Table 6.1 Examples of essential oils and insects that are affected by these oils

6.2.1 Essential Oils

EOs are natural compounds that are volatile in nature and, have aromatic constituents characteristic in plants for various functions. They are synthesized via a combination of secondary metabolic pathways in plants and have a distinctive odour (Ebadollahi et al. 2020), may be composed of complex mixtures of aromatic compounds (Bakkali et al. 2008; Rajendran and Sriranjini 2008) and are present as droplets of fluid in the bark, flowers, fruits, leaves, stems and roots in different plants. Many EOs contain natural antioxidants and natural antimicrobial agents (Dorman et al. 2000). In Lamiaceae, they are produced by glandular trichomes, secretory cavities in Myrtaceae and Rutaceae and resin ducts in Asteraceae, Apiaceae (Fahn 1988). These structures burst open and the compounds are let out in copious amounts when herbivores feed or move on the surface of the plants (Duke et al. 2000).

In addition to their role in triggering the revitalization process for the plant through reproduction processes as attracts of pollinators and seed disseminators, and plant thermotolerance (Zhang et al. 2016), EOs also take part either directly or indirectly in plant defenses against arthropod pests (War et al. 2012).

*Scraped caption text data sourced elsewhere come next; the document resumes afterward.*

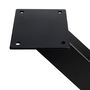 Emuca Jeu de pieds Cross pour table, largeur 695mm, Acier, Peint en noir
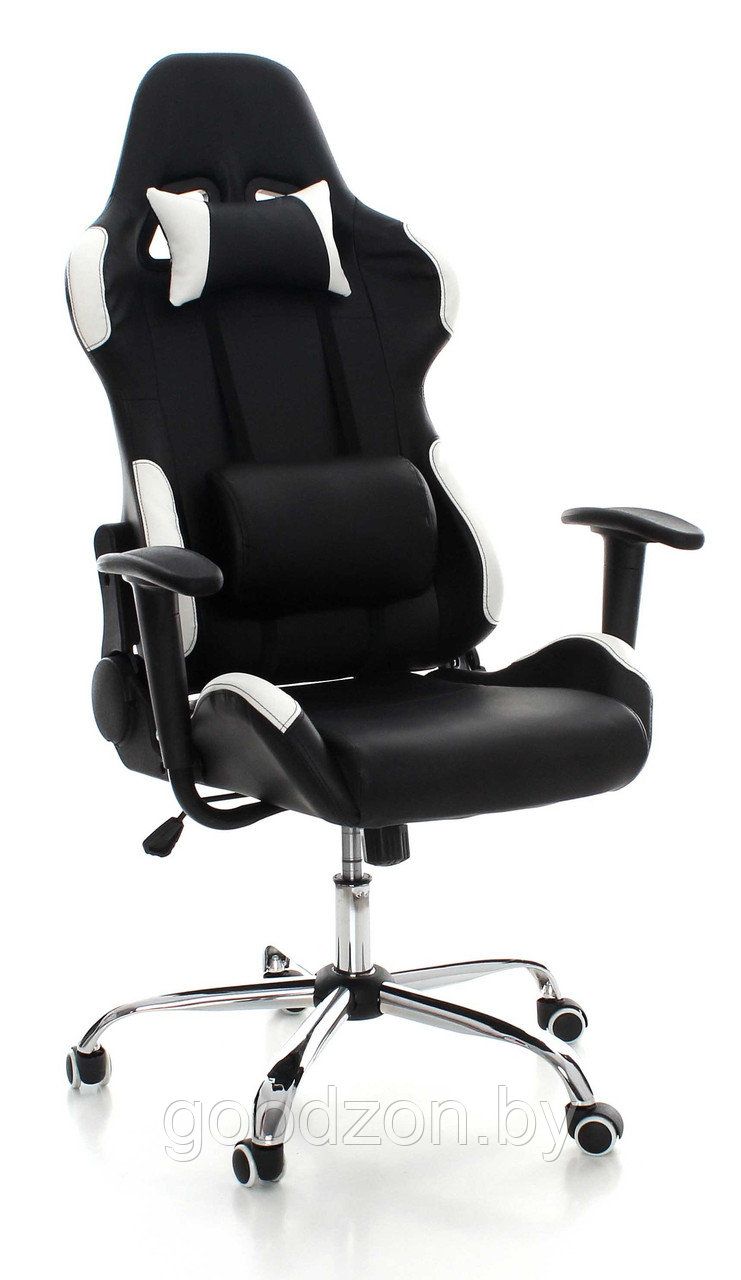 Кресло Lucaro 012 Racing Chair Black-White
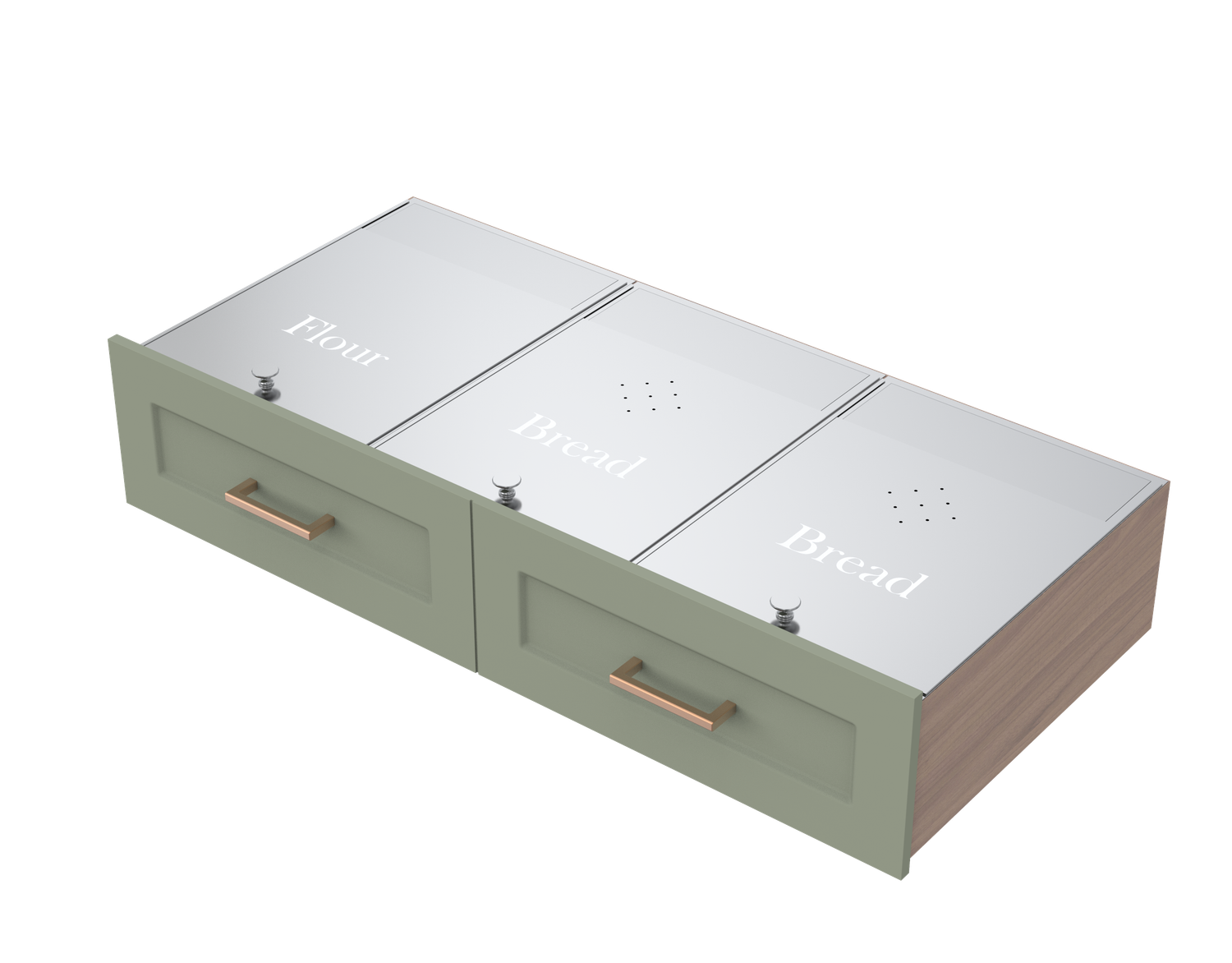 Triple Stainless Steel Storage Insert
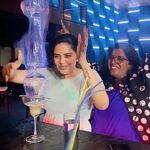 Sreemukhi Instagram - To many more crazy nights! 😍🧿 My heart goes ladida da di da! ❤️ #sreemukhi #kirthanasunil #memories #crazynights #goodtimes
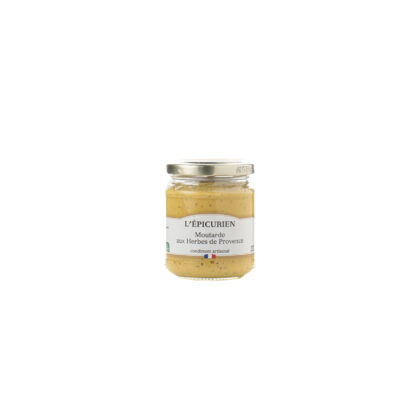 MOUTARDE AUX HERBES DE PROVENCE, 200GR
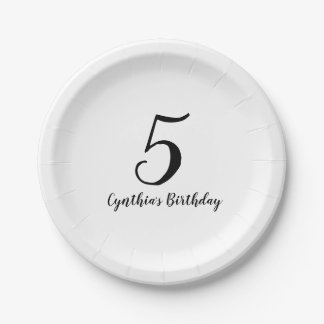 Personalised Birthday Party Paper Plates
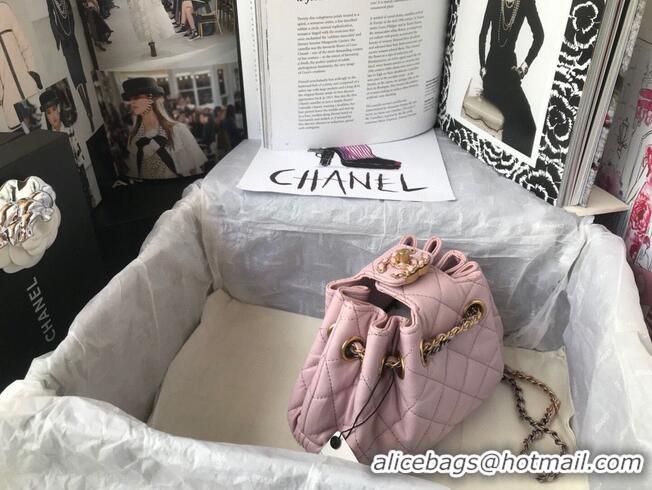 Cheapest CHANEL Original Leather Rope Bag AS1802 Pink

Direct defense responses against insect pests target the biological systems for example the digestive and nervous systems, the endocrine organs of the insects and may be toxic and repellent, result in antinutrition and reduced digestibility, slowed growth and reduced reproduction (War et al. 2012). While indirect responses are insect-specific, and their compositions vary with the attacking insect. They may also involve the release of chemicals that lure the natural enemies of the herbivore by releasing aromatic compounds that lure or favour another organism(s) that reduce herbivore populations (War et al. 2012; Scholz et al. 2016).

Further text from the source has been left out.